Jetzt lässt Kluch, der sich in Dubai aufhält, über seinen Anwalt Olaf R. Dahlmann erklären: "Alle Vorwürfe sind absolut haltlos." Demnach hätte Kluch nur in fünf oder sechs Fällen Einladungsschreiben an die Botschaft in Moskau übersandt. Mit den restlichen gefälschten Visa-Unterlagen will Kluch nichts zu tun haben. Laut Dahlmann hätten Dritte die Briefköpfe der "Sport Promotion GmbH", deren Geschäftsführer Kluch ist und über die die Einladungen liefen, gefälscht.

Auf einer Liste tauchen Namen von Fußballern wie Alexey Kozlov auf, der in der Saison 2004/05 für Bergedorf 85 in der Oberliga gespielt hat. Neben dem ehemaligen "Elstern"-Kicker sind auch Spieler von Atlantik 97 aufgeführt wie Denis Urdin und Andrey Grushin. Und hier kommt der Name Juri Sawitschew ins Spiel.
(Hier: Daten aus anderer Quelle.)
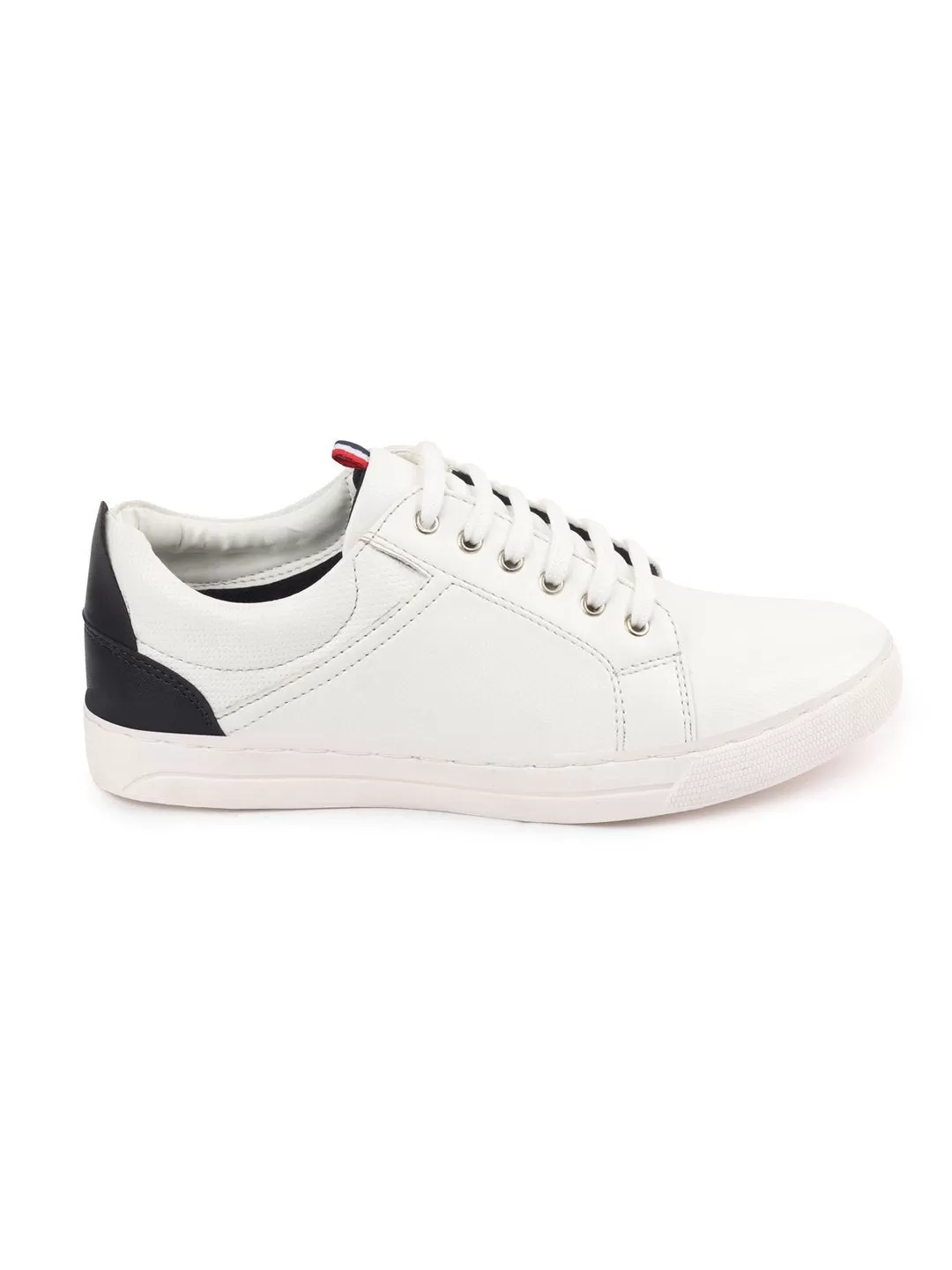 Men White/Navy Classic Lace Up Sneakers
Der frühere Profi des FC St. Pauli und achtfache Nationalspieler der UDSSR steht dem Bezirksligisten beratend zur Seite, gibt taktische Tipps. Über seine Kontakte zum FC St. Pauli hat er dem 20-jährigen Grushin, der russischer U 18- und U 19-Auswahlkeeper war, ein Probetraining bei den Kiezkickern vermittelt. Sawitschew, der in Norderstedt wohnt und arbeitslos ist, wird nun von der Staatsanwaltschaft Beihilfe vorgeworfen. Er soll an der Einschleusung des talentierten Torhüters beteiligt gewesen sein. "Damit habe ich nichts zu tun. Ich war selbst völlig überrascht", sagte Sawitschew, dessen Wohnung am Dienstag zeitgleich zum DIMA, Kluchs Privathaus in Brunsbek und dessen Büro seiner Spielhallen-Kette "Ritzio North Germany" an der Osterrade in Lohbrügge durchsucht wurde.

Bei der Ausreise von Grushin, der in der Hinrunde für Atlantik zwischen den Pfosten stand und mittlerweile wieder in seiner Heimat ist, soll es Probleme gegeben haben. Sawitschew erklärt hierzu: "Das Visum war in Ordnung. Nur sein Name stand nicht im Computer. Der Fehler liegt bei der deutschen Botschaft in Moskau."